Last Friday was momentous for Irish politics and women across the world. When the exit poll for the repeal of the 8th amendment was announced, I could hardly believe it. Could Ireland buck the Brexit/Trump momentum and restore dignity to Western politics? She did. The Irish PM hailed the result as a 'quiet revolution.' Fintan O'Toole put it best in one tweet: 'There were two silences. The silence of centuries. And the quiet, calm dignity of the ballot paper being marked.'
Until now, I couldn't bear the abortion 'debate'. Too much bitter screeching underpinned by 'rights' talk. The Catholic Church abhors rights-based morality with one exception, the rights of the unborn child. Actually, the question of the status of the foetus is a metaphysical, not a moral issue – and the answer cannot wait for academic philosophers. In modern times, the debate is a question of permissible legislation in a just society. But for women across the world, the vote was deeply personal.

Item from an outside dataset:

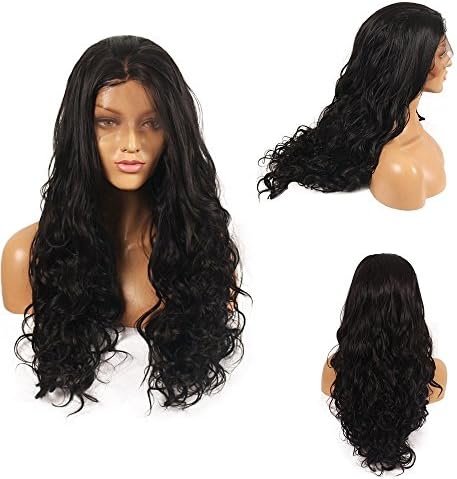 Destiny Love Black Wavy Synthetic Hair Lace Front Wigs Glueless Long Curly Natural Looking Middle Part Heat Resistant Fiber Swiss Lace Wig for Women Half Hand Tied 24 Inches Black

I know of no woman who has taken the decision to have a termination lightly, and the decision often remained a source of shame. But that has been lifted by the Irish. It is also significant that Northern Ireland is now more socially Catholic than the Republic. That Theresa May has so far refused to consider it is a further stain on this government's Brexit obsession with keeping the DUP happy. Sinn Fein needs to step up to the plate. Now wouldn't that be extraordinary?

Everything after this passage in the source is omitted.